En effet, les propriétés les plus étranges qui caractérisent les êtres vivants sont, selon Monod, l’invariance et la téléonomie. Elles sont étranges car à première vue il semble bien qu’elles violent l’un des principes fondamentaux de la physique, c’est-à-dire le deuxième principe de la thermodynamique. « Ce principe, dit Monod, impose en effet que tout système macroscopique ne puisse évoluer que dans le sens de la dégradation de l’ordre qui le caractérise. »(3) Ceci est vrai, mais à une seule condition : si on considère ce système comme étant énergétiquement isolé. En effet, la question que se pose Monod est de savoir si la conservation et la multiplication invariante de telles structures est également compatible avec ce principe ? Ne sommes-nous pas là devant une propriété paradoxale, comme l’atteste bien l’invariance ? Sa réponse est donc non, elles ne violent pas les principes de la thermodynamique, mais « elles se content de ne pas leur obéir ; elles les utilisent… » ; c’est d’ailleurs comme  toute cellule qui tend à réaliser un « projet », celui de devenir deux cellules, sans pour autant transgresser les principes de la physique. De fait, dit Monod : « Il n’y a cependant aucun paradoxe physique dans la reproduction invariante de ces structures : le prix thermodynamique de l’invariance est payé, au plus juste, grâce à la perfection de l’appareil téléonomique qui, avare de calories, atteint dans sa tâche infiniment complexe un rendement rarement égalé par les machines humaines. Cet appareil est entièrement logique, merveilleusement rationnel, parfaitement adapté à son projet : conserver et reproduire la norme structurale. Et cela, non pas en transgressant, mais en exploitant les lois physiques au bénéfice exclusif de son idiosyncrasie personnelle. »(5)
De quoi s’agit-il au juste s’il ne s’agit donc pas d’un paradoxe physique?
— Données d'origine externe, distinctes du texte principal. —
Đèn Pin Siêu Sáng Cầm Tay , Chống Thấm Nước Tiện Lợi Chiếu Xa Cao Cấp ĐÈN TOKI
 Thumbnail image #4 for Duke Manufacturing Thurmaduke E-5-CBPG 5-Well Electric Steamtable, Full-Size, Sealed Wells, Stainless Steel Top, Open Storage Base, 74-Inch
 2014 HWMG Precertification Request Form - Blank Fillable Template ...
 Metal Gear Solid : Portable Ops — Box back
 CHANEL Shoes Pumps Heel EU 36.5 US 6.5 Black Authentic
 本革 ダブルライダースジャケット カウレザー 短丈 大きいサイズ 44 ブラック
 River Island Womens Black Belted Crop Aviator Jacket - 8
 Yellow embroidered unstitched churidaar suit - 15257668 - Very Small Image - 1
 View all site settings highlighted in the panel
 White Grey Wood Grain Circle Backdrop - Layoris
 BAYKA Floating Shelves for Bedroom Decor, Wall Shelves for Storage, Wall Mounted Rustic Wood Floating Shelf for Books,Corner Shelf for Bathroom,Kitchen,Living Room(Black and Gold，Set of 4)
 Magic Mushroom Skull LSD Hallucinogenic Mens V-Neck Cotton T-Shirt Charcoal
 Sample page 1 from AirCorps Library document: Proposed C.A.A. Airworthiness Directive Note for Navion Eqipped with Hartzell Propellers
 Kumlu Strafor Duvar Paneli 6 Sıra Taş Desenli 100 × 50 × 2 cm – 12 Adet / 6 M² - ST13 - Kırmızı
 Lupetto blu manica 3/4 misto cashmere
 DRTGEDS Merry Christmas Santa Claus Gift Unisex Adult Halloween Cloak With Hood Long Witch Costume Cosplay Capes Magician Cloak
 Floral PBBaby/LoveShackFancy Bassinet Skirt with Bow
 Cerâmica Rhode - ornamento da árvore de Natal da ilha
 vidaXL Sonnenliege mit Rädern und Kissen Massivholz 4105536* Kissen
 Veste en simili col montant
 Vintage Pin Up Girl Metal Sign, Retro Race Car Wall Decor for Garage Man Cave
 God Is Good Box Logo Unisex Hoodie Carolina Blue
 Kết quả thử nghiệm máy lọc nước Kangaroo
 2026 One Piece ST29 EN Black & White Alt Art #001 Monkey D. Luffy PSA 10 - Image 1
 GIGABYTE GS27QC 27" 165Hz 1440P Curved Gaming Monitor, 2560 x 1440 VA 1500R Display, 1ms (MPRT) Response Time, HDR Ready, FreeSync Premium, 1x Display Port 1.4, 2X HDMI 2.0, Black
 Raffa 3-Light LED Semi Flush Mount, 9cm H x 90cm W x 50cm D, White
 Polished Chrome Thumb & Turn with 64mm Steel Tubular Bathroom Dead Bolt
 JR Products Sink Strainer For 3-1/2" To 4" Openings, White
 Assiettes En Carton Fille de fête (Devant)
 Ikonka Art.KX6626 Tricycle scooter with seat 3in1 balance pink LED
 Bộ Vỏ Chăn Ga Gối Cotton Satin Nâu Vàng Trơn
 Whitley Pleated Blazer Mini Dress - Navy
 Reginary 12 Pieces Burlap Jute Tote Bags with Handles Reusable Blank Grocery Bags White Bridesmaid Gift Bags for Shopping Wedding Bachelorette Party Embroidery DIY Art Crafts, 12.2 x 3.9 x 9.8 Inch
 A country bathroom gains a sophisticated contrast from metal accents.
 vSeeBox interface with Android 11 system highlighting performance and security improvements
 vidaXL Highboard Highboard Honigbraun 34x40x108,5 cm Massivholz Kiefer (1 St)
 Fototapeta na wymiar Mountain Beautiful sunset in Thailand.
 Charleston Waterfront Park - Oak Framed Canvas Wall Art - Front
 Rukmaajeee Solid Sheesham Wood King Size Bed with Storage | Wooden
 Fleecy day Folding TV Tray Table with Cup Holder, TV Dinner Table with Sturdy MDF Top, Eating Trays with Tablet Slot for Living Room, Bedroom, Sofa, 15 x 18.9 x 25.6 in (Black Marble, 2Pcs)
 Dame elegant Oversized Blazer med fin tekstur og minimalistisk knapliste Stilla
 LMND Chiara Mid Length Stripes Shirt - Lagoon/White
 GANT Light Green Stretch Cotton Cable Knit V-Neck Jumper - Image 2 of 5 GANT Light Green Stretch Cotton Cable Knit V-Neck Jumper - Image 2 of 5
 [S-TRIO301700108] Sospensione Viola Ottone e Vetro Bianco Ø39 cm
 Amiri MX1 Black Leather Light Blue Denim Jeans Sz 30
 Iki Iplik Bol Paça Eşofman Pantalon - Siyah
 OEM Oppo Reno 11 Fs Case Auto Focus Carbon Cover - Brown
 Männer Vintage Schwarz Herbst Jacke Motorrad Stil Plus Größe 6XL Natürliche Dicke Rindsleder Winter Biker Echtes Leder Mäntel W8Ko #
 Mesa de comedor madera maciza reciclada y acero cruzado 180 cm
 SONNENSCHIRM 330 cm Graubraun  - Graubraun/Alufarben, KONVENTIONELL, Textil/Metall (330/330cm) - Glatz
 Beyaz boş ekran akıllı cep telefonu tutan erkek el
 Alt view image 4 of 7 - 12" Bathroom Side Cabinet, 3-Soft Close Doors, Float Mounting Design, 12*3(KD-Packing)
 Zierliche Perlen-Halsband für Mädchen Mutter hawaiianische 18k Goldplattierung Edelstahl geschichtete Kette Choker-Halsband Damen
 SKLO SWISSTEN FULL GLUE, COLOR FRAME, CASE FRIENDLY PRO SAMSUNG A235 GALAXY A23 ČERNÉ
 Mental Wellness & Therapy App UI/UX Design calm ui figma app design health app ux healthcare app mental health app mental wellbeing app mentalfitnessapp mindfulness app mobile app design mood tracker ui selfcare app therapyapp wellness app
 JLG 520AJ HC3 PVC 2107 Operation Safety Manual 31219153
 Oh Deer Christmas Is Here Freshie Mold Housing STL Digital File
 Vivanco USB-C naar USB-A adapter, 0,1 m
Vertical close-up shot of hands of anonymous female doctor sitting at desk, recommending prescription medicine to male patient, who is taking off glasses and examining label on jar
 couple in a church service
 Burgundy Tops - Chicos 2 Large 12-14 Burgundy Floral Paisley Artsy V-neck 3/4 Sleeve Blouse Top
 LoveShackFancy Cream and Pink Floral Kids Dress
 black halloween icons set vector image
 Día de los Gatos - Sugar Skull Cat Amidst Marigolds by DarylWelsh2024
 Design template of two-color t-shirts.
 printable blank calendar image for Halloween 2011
Sans trop tarder, Monod répond qu’on est particulièrement devant « une flagrante contradiction épistémologique. »(6) Certes, il n’existe aucune expérience qui serait en mesure de réfuter l’existence d’un « projet » dans la nature, mais soutenir l’idée d’un tel « projet » c’est sortir du même coup du domaine de la science tel qu’elle a été élaborée par Galilée et Descartes. Et c’est au postulat de l’objectivité de la nature que Monod s’attache pour, au moins, « suspendre » la conception aristotélicienne d’une « finalité » qui serait inhérente aux phénomènes naturels. Cependant, dit Monod : « L’objectivité… nous oblige à reconnaître le caractère téléonomique des êtres vivants, à admettre que, dans leurs structures et performances, ils réalisent et poursuivent un projet. Il y a donc là, au moins en apparence, une contradiction épistémologique profonde. »(7) Cette contradiction est de fait le problème centrale auquel est confronté la biologie. La tâche que se propose  Monod donc est de la résoudre si elle n’est qu’apparente, ou bien de la considérer comme étant absolument insoluble.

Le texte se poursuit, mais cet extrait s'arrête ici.